Here's what it means for document X to cite document Y "normatively":
part of following the X rules is following the Y rules;
if an authority (e.g., IETF or another SDO) is telling you to follow the X rules then the authority is also telling you to follow the Y rules;
in other words, if X is a standard then Y is a standard too.
The second quote is accurately describing the current document as a "draft standard"
and is accurately describing an RFC as an upgrade from that.
An RFC would be a standard.
An RFC would be adding IETF's authority to the notion that it's acceptable to use solo ML-KEM.
People objecting to IETF issuance of this security-damaging document as an RFC
often accurately express this as objecting to standardization.
But then proponents suddenly switch to hyping IETF's deceptive labels.
It's not a "standard"!
It's not on the IETF "standards track"!
It's just "Informational"!
There's this buried note in Section 6 saying "Recommended: N"!
And, by the way, TLS 1.3 isn't actually a standard; it's just a "proposed" standard!
IETF is the premier not-standards development organization for the Internet!
For example,
the same Peter Campbell from GCHQ who wrote
"I support publication as an RFC. An Internet Draft with
codepoints is not sufficient as most SDOs (including the IETF) won't
allow their standards to cite I-Ds normatively"

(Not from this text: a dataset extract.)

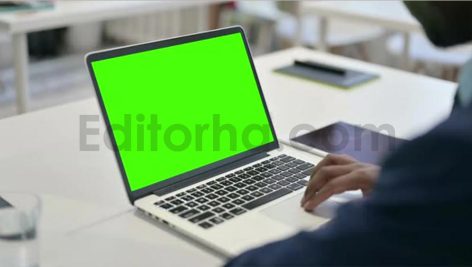 فوتیج پرده سبز کار با لپ تاپ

responded to an objection by
writing
"Good news! While draft-ietf-tls-ecdhe-mlkem is standards track,
draft-ietf-tls-mlkem is not. Its intended status is Informational."
Praise the influence of an RFC when you're voting in favor of issuing the RFC,
and then flip to denying the influence of the same RFC in response to people objecting to issuing that RFC?
C'mon, you can't have it both ways.
How many objections have been deterred by these denials?
The reality is that
if this document is issued by IETF as an RFC
then it's a standard,
"something set up and established by authority as a rule for the measure of quantity, weight, extent, value, or quality";
concretely, it's an IETF rule saying that rolling out ML-KEM without ECC has acceptable quality.
A corporate purchasing manager will accurately understand the RFC as a standard,
and won't even see, let alone care about, labels such as "Informational" or "Recommended: N".
NSA contractor Eric Rescorla has
admitted
that what's controversial here is the endorsement conveyed by the issuance of an RFC,
even an "informational" non-"recommended" RFC:
"I think it's clear that many regard the publication
of an RFC by the TLS WG as a form of endorsement, even when Recommended=N [0].
In fact, this is precisely why the publication of some documents has become so
controversial. ...
[0] I don't think this position is entirely unreasonable given that the documents
state on the face of them that they 'represent[s] the consensus of the IETF community.' "
Version:
This is version 2026.07.02 of the 20260702-standard.html web page.